DETAILED RESEARCH OBJECTIVES:
- Develop a sensitive and efficient ion-monitoring GC/MS/MS method to quantify DDT+ compounds in sediments and water at low (sub-ppb) concentrations.
- Measure the vertical distribution of soluble DDT+ metabolites, particularly DDA, in sediment porewaters using gold-standard sampling methods. Samples will be collected via an in-situ pore water sampler coupled to a large multicorer device at three contrasting sites between Los Angeles Harbor and Dumpsite #2 (i.e., shelf near the Whites Point Outfall, slope, deep basin)
- Understand how the sedimentary diagenetic environment impacts the pathway and rate of DDT+ degradation. Using the analytical method established in objective 1, the spatial distribution of DDT+ compounds will be measured, along with a suite of other measurements to fully characterize the diagenetic environment (e.g., DIC, ammonium, nitrate, Fe, Mn and sulfide), in both sediments and porewaters from 3 distinct sites between LA Harbor and Dumpsite #2 (i.e., shelf near the Whites Point Outfall, slope, deep basin).
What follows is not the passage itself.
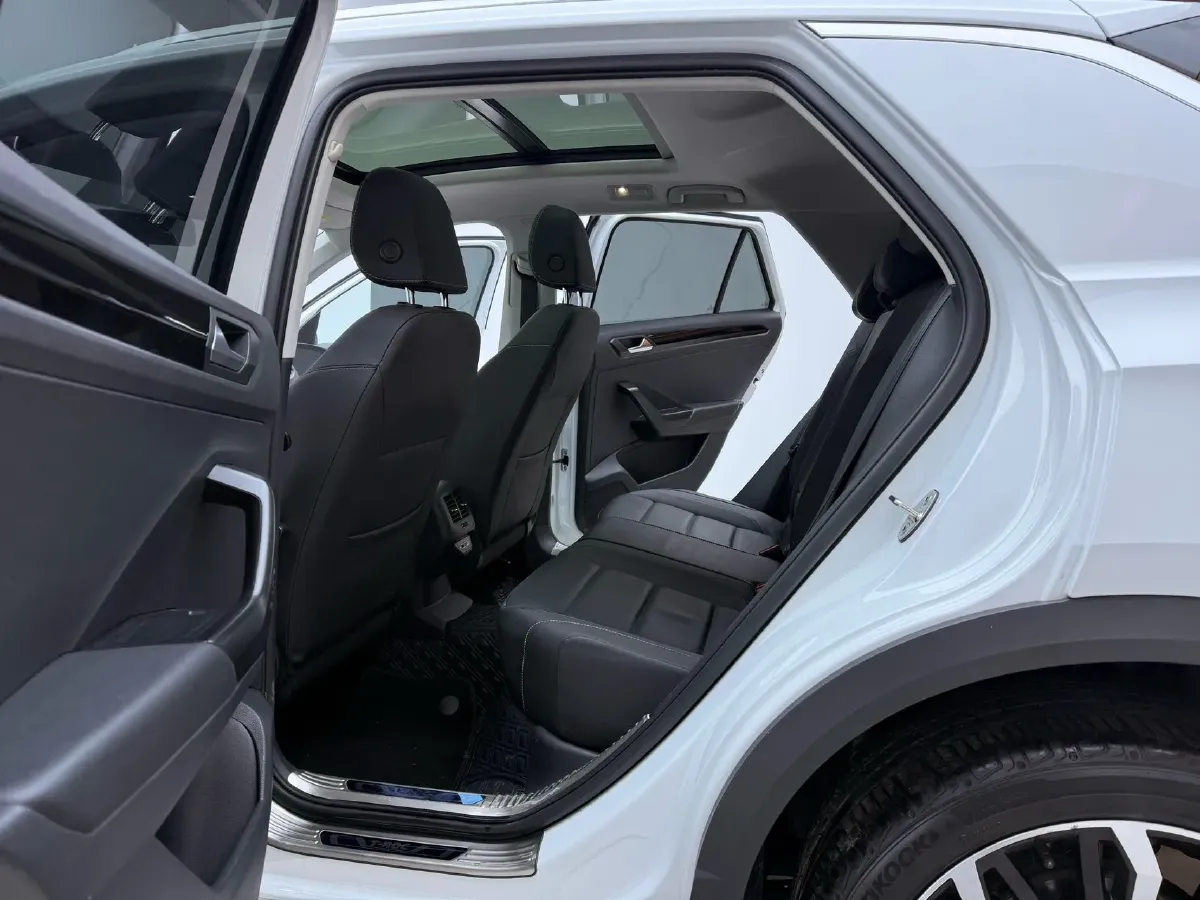 2021 Volkswagen T-Roc 1.4T 150HP L4 7DCT,autocango,china used car exporter,china ev exporter,chinese used car exporter,chinese used ev exporter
- Assess whether DDT from the Palos Verdes shelf and deep-basin Dumpsite #2 have unique isotopic profiles in order to determine the viability of ‘fingerprinting’ DDT sources.
- Develop a reaction-transport model of soluble DDA migration in deep water sediments to understand how much DDT metabolite could be escaping the sediment column and thus transported back into the water column.